Pour Bérenger, le gouvernement doit «pran kont». Des questions similaires quant à la protection des données et au droit à la vie privée ayant été soulevées à Maurice avec la carte d’identité biométrique.

Le leader du MMM souhaite, par ailleurs, qu’au vu de la concrétisation des projets de développement sur Agalega, le Maritime Security Agreement entre l’Inde et Maurice soit rendu public.

Le chef des mauves s’interroge également sur le projet de port de pêche à Bain-des-Dames.
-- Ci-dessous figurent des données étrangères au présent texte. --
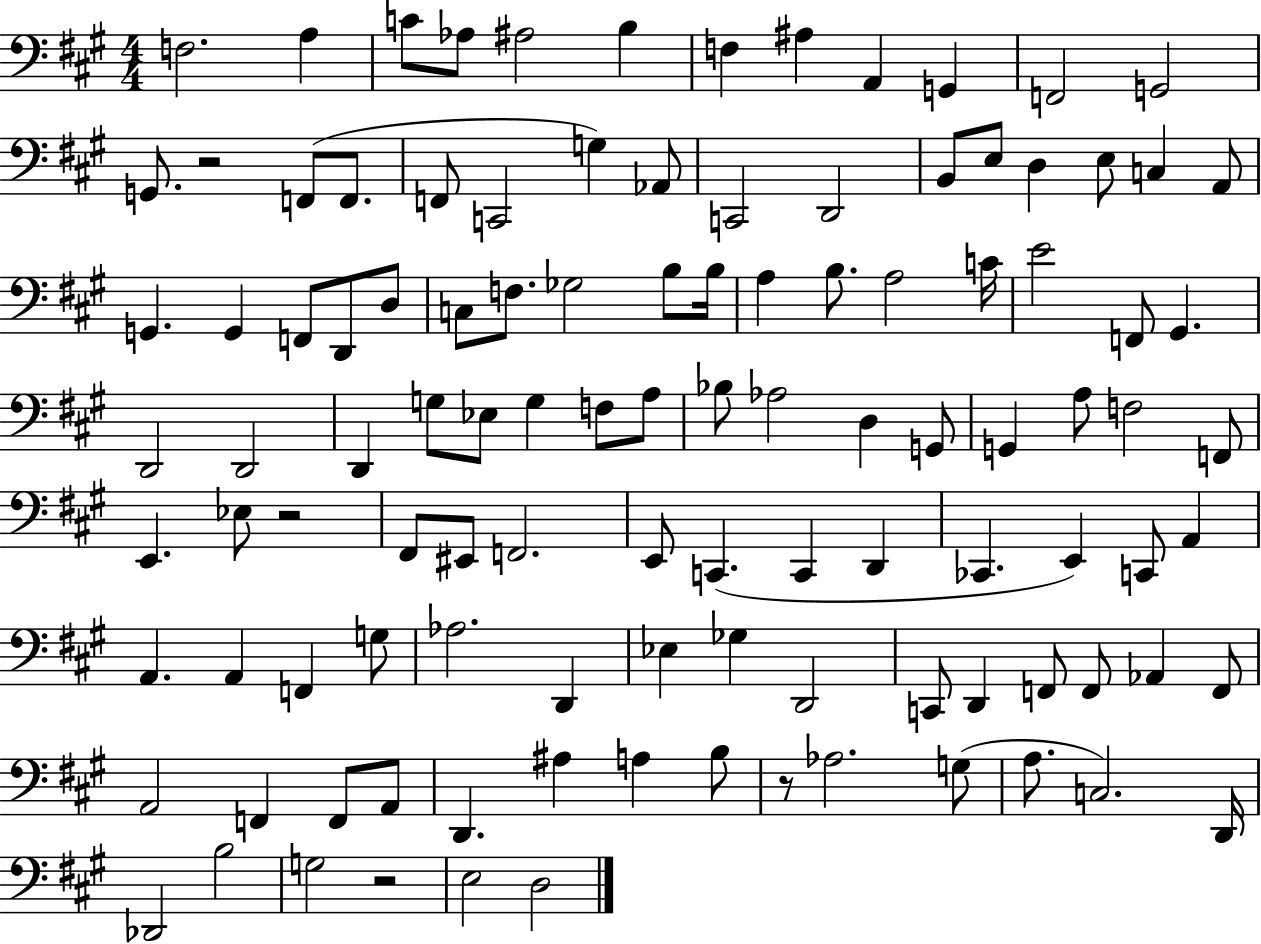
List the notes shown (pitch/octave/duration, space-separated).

F3/h. A3/q C4/e Ab3/e A#3/h B3/q F3/q A#3/q A2/q G2/q F2/h G2/h G2/e. R/h F2/e F2/e. F2/e C2/h G3/q Ab2/e C2/h D2/h B2/e E3/e D3/q E3/e C3/q A2/e G2/q. G2/q F2/e D2/e D3/e C3/e F3/e. Gb3/h B3/e B3/s A3/q B3/e. A3/h C4/s E4/h F2/e G#2/q. D2/h D2/h D2/q G3/e Eb3/e G3/q F3/e A3/e Bb3/e Ab3/h D3/q G2/e G2/q A3/e F3/h F2/e E2/q. Eb3/e R/h F#2/e EIS2/e F2/h. E2/e C2/q. C2/q D2/q CES2/q. E2/q C2/e A2/q A2/q. A2/q F2/q G3/e Ab3/h. D2/q Eb3/q Gb3/q D2/h C2/e D2/q F2/e F2/e Ab2/q F2/e A2/h F2/q F2/e A2/e D2/q. A#3/q A3/q B3/e R/e Ab3/h. G3/e A3/e. C3/h. D2/s Db2/h B3/h G3/h R/h E3/h D3/h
Pourquoi une firme privée indienne s’y intéresse-t-elle ? le gouvernement chinois est-il impliqué ? veut-il savoir car il semble que le financement est assuré par la China Development Bank.

Paul Bérenger n’a pas manqué de railler la rencontre «pas siro» de Pravind Jugnauth avec la presse. Ni de souligner que Showkutally Soodhun sera indéboulannable du gouvernement «tan ki mantor la».

Commentant l’annulation d’un appel d’offres à Rodrigues pour la fourniture d’Internet, le leader du MMM estime que c’est là une «magouille» au profit de Mauritius Telecom qui fera du tort à la crédibilité de Maurice.

Quant à la pénalité fixe qui devrait frapper les passagers de véhicules marrons, Bérenger la trouve «injuste».